Examining the Impact of GI Conditions on COVID-19

During the pandemic, Dr. Chan and his team have also studied the impact of other GI conditions on the severity of COVID-19 and outcomes. These include:

  • Inflammatory bowel disease (IBD) and COVID-19: The team and collaborators from Massachusetts General Hospital evaluated the risk of a COVID-19 infection among patients with IBD being treated with systematic immunosuppressive therapy. The cohort study, which was published in Inflammatory Bowel Diseases, confirmed that less than 1 percent of 5,000 patients with IBD developed COVID-19. Moreover, no significant differences were noted between those treated with systematic immunosuppressive therapy and ones who were not. Immunosuppressive therapy wasn’t associated with more severe COVID-19 infection.
  • COVID-19 and cancer: In a study published in The Journal of Clinical Gastroenterology, Brigham researchers assessed the GI manifestations of COVID-19 among patients with active malignancy. Among cancer patients who were hospitalized with COVID-19, 63 percent had at least one new gastrointestinal symptom, with diarrhea, vomiting and anorexia being the most common; 17 percent had severe symptoms. In addition, 33 percent of cancer patients with COVID-19 had elevated liver enzymes at the time of presentation, and patients with raised liver enzymes were more likely to experience GI symptoms.
  • Proton pump inhibitors (PPIs) and COVID-19: Dr. Chan and his team evaluated the potential relationship between PPI exposure and clinical outcomes of hospitalized COVID-19 patients. The study, which was presented at the American College of Gastroenterology (ACG) Annual Meeting and is forthcoming in the journal BMJ Open, showed that PPI use among hospitalized COVID-19 patients was associated with a greater need for mechanical ventilation and increased in-hospital mortality. The study authors note that further research is needed to understand if these findings represent a causal relationship or whether an underlying confounding condition like GERD drove these outcomes.
  • Clostridioides difficile infection (CDI) in COVID-19 patients: In a study presented at the ACG Annual Meeting and forthcoming in the journal JGH Open, Brigham investigators assessed the prevalence and outcome of CDI infection among hospitalized COVID-19 patients. Despite high antibiotics use, COVID-19 patients didn’t have a higher CDI-positive rate compared to historic controls pre-pandemic. However, among hospitalized COVID-19 patients who developed CDI, the in-hospital mortality was significantly increased.

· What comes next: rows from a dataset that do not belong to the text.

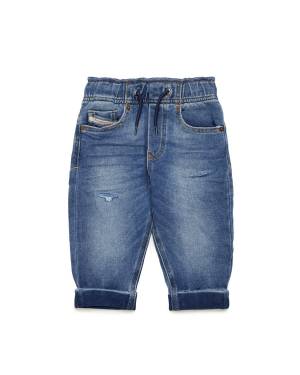 JEANS DIESEL K00311 DENIM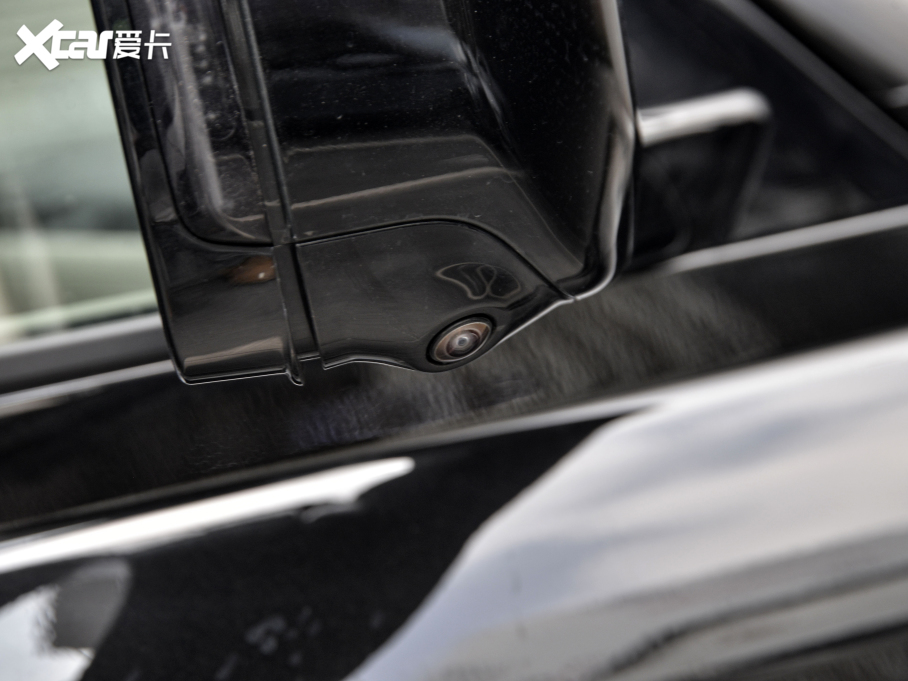 2021l(wi)ʿ 110 P400 X-DYNAMIC HSE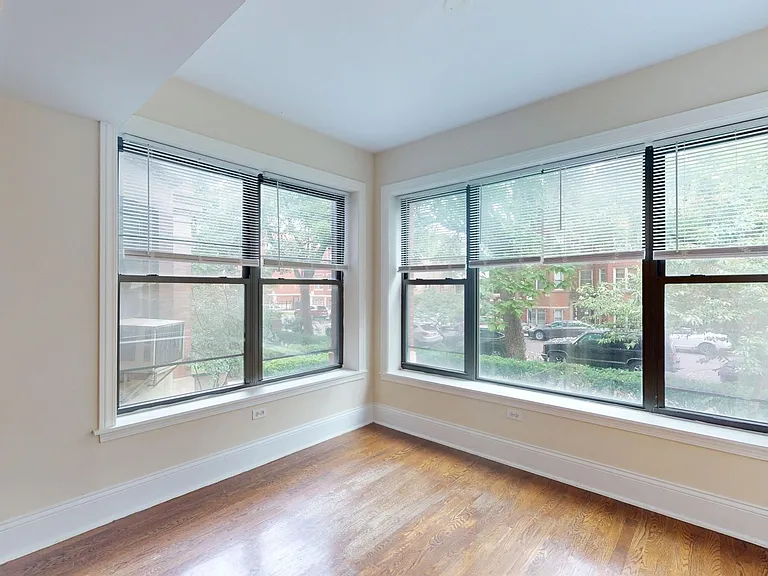 5111 S. Kimbark Avenue — Photo 13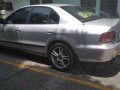 2004 Mitsubishi Galant Gt-a (limited edition)-1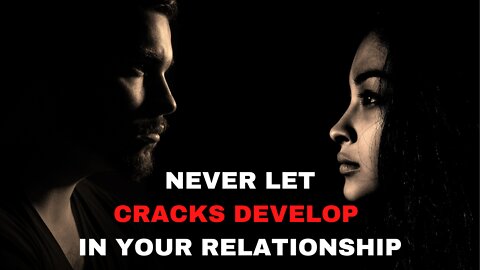Relationship Advice - Better Emotional Intimacy will give you success in Your Relationship.
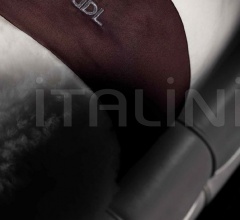 Кровать 5100J01/5100J04 Кровать 5100J01/5100J04 фабрика Beby Group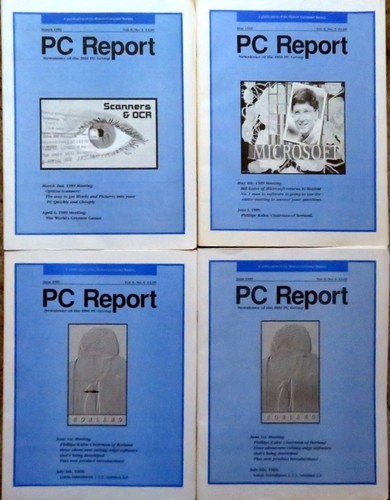Report boston computer - report,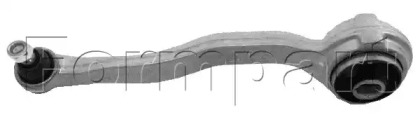 Рычаг независимой подвески колеса FORMPART 1905009
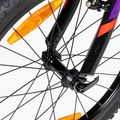 Bicicletta per bambini Kellys Lumi 30 20" viola 12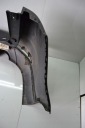 FORD S-MAX 2015 PARE-CHOCS ARRIÈREphoto 8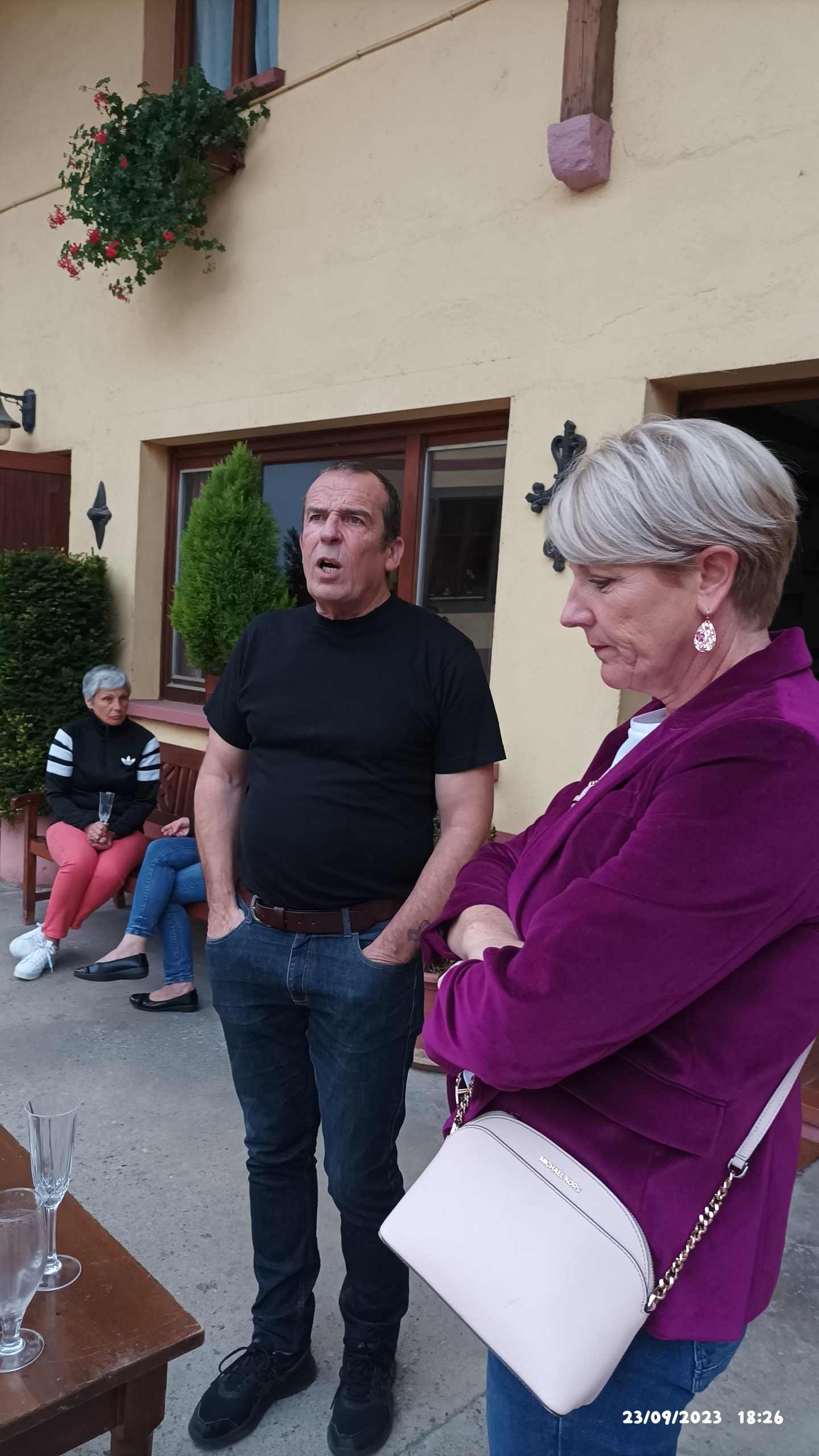 20230923-Rassemblement-Alsace-128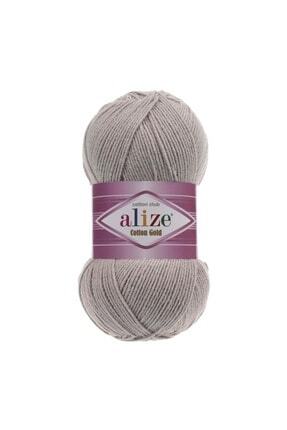 Cotton Gold Gri 200 Image 0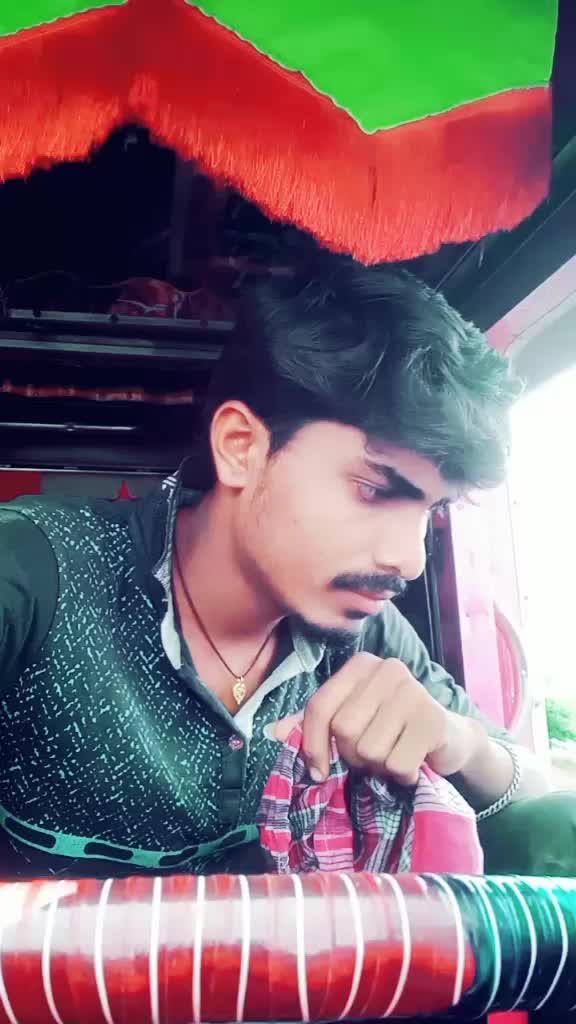 @Bhagavat sanap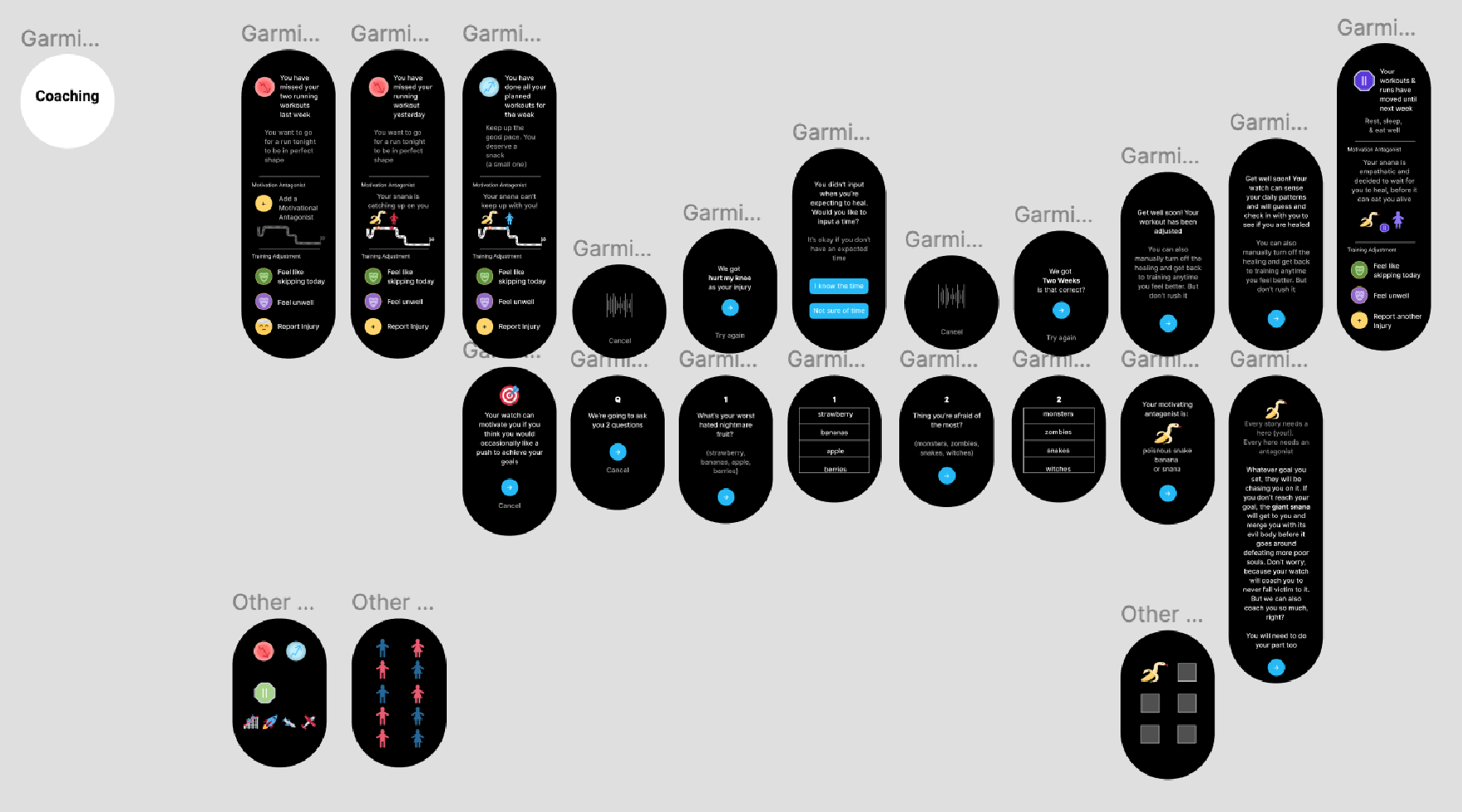 Screen Shot 2023-01-06 at 5.17.31 AM.png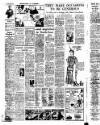 Newcastle Journal Thursday 18 May 1950 Page 2
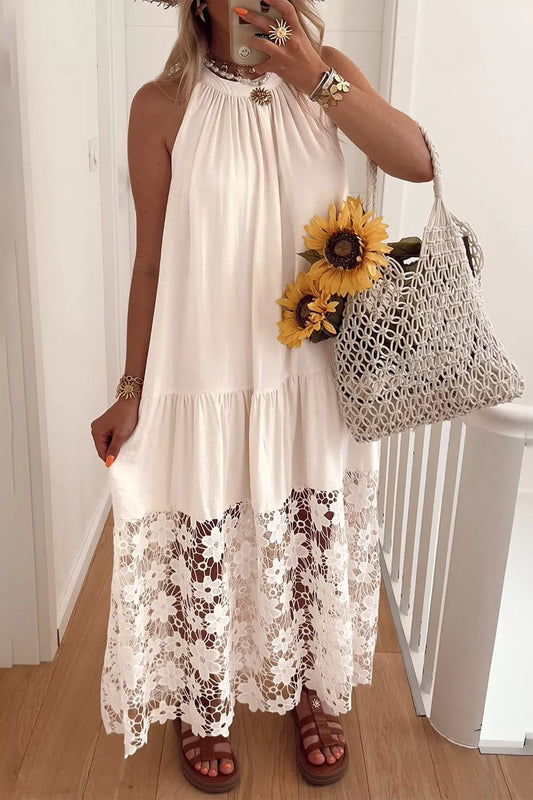 ca9c23ce-44d0-4389-a062-4a1a478f678a-Max-Origin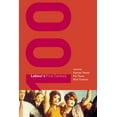 thumbnail image 1 of Labour's First Century, (Paperback), 1 of 1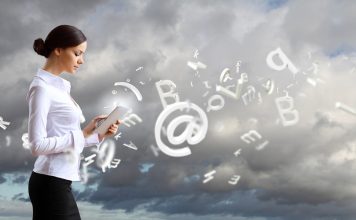 Cloud-based Payroll System – 5 Ways Your Business Can Benefit! Cloud based payroll system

Further Research on COVID-19 and the GI System

The Brigham research team is building on their strong research foundation and conducting follow-up studies on the GI manifestations of COVID-19. Like other clinical and basic researchers at the Brigham, Dr. Chan and his colleagues are also exploring the potential long-term health complications of  COVID-19 infection on the GI system. There is still much to learn about the short and long-term effects of COVID-19 and the Brigham is positioned to be at the forefront of discovery.